Dave Winer responded to
my earlier line of reasoning on identity systems, and his comments were pretty much in line to what I got from other people–and with my underlying
suspicions. In the aggregate, the comments regarding an identity framework like Liberty Alliance clustered around three points:
- It's scarily complex, in ways that it just doesn't need to be
- It uses SSL communications, which is overkill for lightweight applications like comment authentication
- It's only implemented in .Net and Java–where's the Python/Perl implementation?
In short, it would be like using a
MOAB bomb to kill a cockroach: theoretically effective, but not necessarily optimized for the task.
But is any level of authentication appropriate to the task? And if you've got enough comment traffic to justify putting
authentication on top of comments, why the hell are you using a weblog to host them–when a discussion board
with user authentication would be more appropriate?

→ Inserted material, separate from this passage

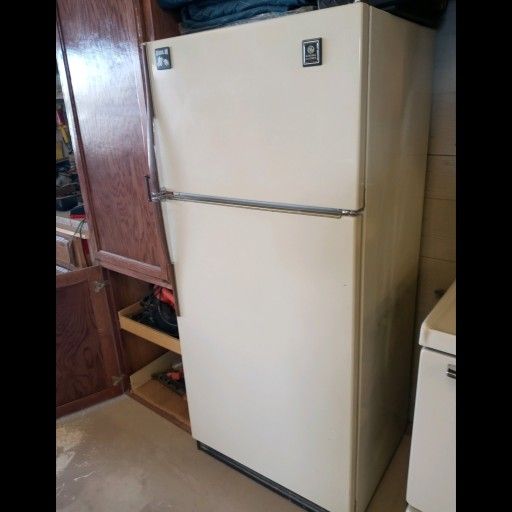 Refrigerator 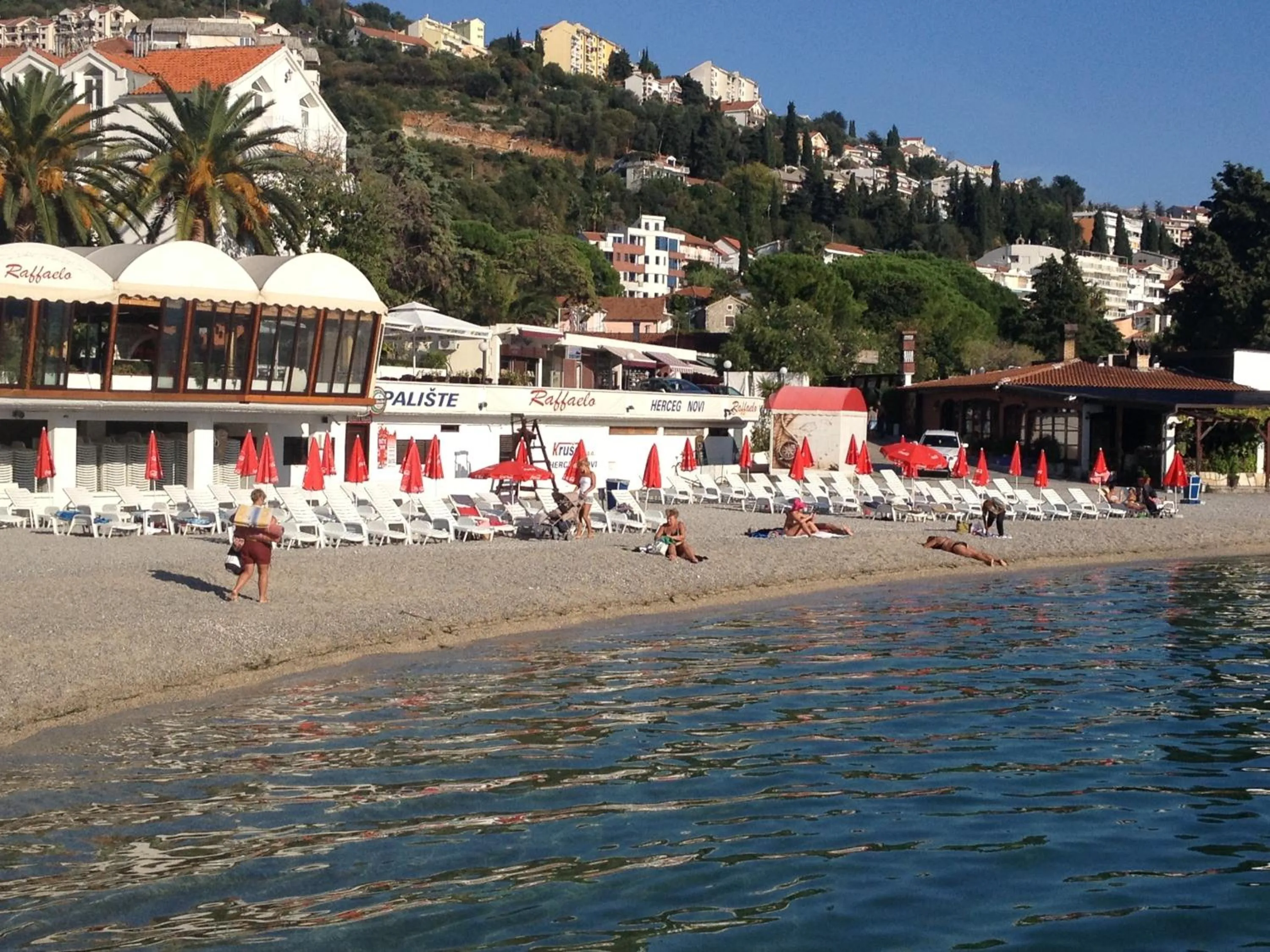 Beach in Apartment Topla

Unless your're Presidential timber, odds are that your comment stream
averages under 6 per post. If you run a tumbleweed-infested blog like mine, you're lucky to get one comment a
month. Sometimes, it's even a relief to get comment spam, because you know that your site is actually visible to
someone in the outside world.
Let's face it–the problem isn't really comment spam. The problem is that, as one friend of mine says, “Comments suck.” Moveable Type's
implementation of comments is to be commended in that it allows you to turn off comments after a while, or delete
undesired comments; but it puts comments under a well-known CGI script called mt-comments that is just aching for
robots to exploit it. Don't believe me? Google it. There are 1.8 million
instances of URLs with mt-comments out there for a comment spammer to exploit, and the format of the POST is pretty generic
across all of them.
The easiest solution to comment spam? I call it the Bill O'Reilly Memorial Three Step “Shut Up!” solution:
- Send the editor an e-mail notifying him or her about a new post, with
its comments. - Within the e-mail, include a link that, if clicked upon, automatically deletes the post.
- Add a setting to the weblog configuration that shuts comments for a post off after a user-selectable period of time.
Those features would reduce the work of catching and eliminating comment spam by 80%. And they don't require authentication.
So, does that mean there's no call for cross-site authentication in the blogging world? No. But
there's no need for most people to implement TypeKey (or “You Know Me”, or whatever) on their weblog.